A dire la verità non aveva una gran voglia di tornare in Italia e soprattutto avrei molto desiderato restare a New York, ma in genere non guardo mai indietro. A Roma ci aspettava, quasi pronto, un appartamento trovato da mia madre a Trastevere, arredato molto tradizionalmente e con una terrazza. Sembrava paradossale che proprio mentre io mi restringo psicologicamente sempre di più e devo ridurre drasticamente le attività che mi sono concesse, attorno a me si distenda la casa più grande che abbia mai avuto. È bello avere accanto, a poche centinaia di metri, mia madre e mia sorella. Da una siesta al giorno sono passato a due: una la mattina dopo la fleboclisi, e una il pomeriggio dopo mangiato. La sera verso le 20,30 vado a letto. Orari che non inducono a una intensa vita sociale e culturale. Tutto è peggiorato quando i medici italiani mi diedero una fleboclisi nutriente di 7 ore al giorno. Allo stesso tempo una dieta rigida: niente latticini, verdura o frutta, con poche eccezioni. Del resto la situazione si stava di nuovo deteriorando come in settembre. In novembre il dottor Sette, mio medico curante allo Spallanzani, decise di farmi ricoverare. Era un grande stanzone, i pazienti quasi tutti tossici, ma quieti, gli infermieri gentili e pronti. I medici, come poi si è rivelato, bravi, ma pomposi. Arrivavano ogni mattina ai piedi del mio letto e leggevano la mia cartella clinica. Io non capivo: non avrebbero potuto farlo nel loro ufficio?

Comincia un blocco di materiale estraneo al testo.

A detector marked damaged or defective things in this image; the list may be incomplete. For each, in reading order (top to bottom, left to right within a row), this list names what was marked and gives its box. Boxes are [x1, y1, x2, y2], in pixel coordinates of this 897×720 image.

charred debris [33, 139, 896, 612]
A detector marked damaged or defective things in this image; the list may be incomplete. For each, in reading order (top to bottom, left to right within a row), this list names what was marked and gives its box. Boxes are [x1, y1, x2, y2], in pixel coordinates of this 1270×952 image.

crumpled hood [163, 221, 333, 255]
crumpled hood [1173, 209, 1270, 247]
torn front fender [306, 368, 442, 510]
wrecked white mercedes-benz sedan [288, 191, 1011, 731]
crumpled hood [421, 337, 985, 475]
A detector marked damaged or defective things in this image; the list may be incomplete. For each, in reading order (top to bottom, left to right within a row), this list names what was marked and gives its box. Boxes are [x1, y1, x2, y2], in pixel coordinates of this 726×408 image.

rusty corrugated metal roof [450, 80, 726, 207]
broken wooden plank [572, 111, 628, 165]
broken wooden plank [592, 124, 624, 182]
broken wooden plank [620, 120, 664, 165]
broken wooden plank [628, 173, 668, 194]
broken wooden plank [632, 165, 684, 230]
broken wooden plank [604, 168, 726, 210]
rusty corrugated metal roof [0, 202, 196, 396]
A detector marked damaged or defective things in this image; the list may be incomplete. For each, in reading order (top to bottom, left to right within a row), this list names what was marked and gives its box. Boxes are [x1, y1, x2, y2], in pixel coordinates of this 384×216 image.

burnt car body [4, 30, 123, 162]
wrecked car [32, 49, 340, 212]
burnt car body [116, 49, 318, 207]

«Questo giovane non riesce a mangiare», proclamava uno. «Io veramente mangio benissimo». «Ah sì?», rispondeva lui stupito. Chissà come si era formata quell'idea. Fatto sta che qualcosa di giusto devono averlo imbroccato perché ho continuato a migliorare impercettibilmente, almeno come peso corporeo e frequenza della diarrea. Essere in ospedale mi ha obbligato a confrontarmi con la morte. Se non mi piace parlare di Aids in generale, per me la morte è sempre stata l'estremo tabù. Ma ora è inevitabile. Ho fatto testamento per esempio. Ho lasciato scritto che non voglio si pratichi su di me l'accanimento terapeutico. Ma è una cosa alla quale ancora non riesco a credere. Io potrei non esserci più? Certo, come uomini stiamo andando verso la morte, ma io vi sono un passo più vicino.

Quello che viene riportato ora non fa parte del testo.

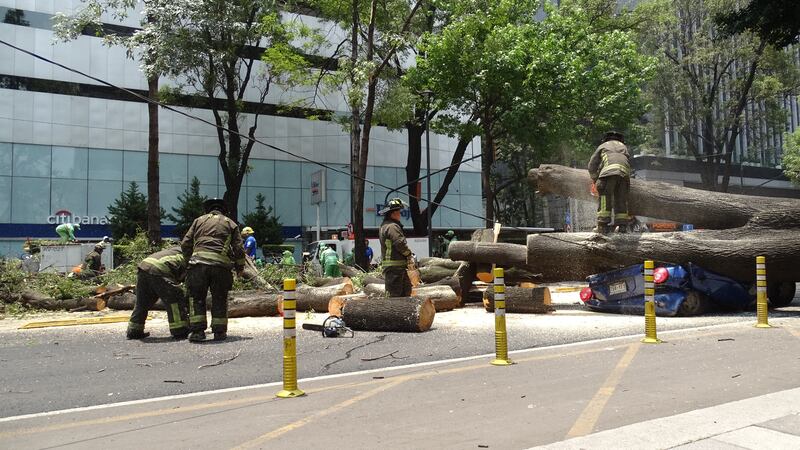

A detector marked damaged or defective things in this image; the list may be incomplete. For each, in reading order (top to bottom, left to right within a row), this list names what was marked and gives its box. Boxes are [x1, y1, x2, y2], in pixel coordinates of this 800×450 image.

crushed vehicle [580, 260, 796, 316]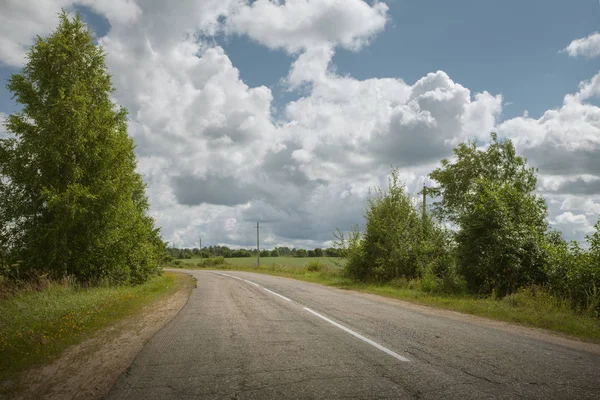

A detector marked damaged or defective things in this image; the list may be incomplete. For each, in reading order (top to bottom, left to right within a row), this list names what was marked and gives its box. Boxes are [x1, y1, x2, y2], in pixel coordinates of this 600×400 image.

cracked asphalt [105, 270, 600, 398]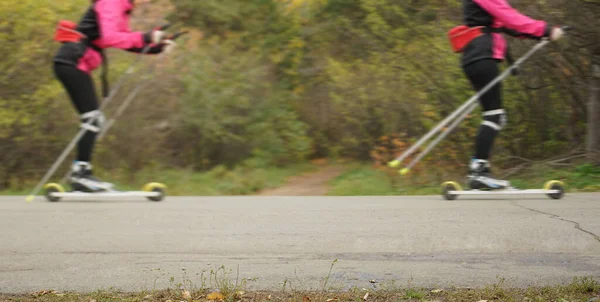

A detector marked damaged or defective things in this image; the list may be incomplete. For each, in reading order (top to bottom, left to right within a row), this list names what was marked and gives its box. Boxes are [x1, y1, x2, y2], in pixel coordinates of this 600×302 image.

L'unica cosa, per non tormentarsi, è riconciliarsi con questa idea, mentalmente chiedere perdono e perdonare, e sperare che qualcosa resti. Scrivo il grosso di queste righe in ospedale. Di fronte alla mia finestra vi sono due pini romani. Li guardo all'alba e al tramonto e il mio cuore si riempie di gioia. Sono, come sempre, ottimista.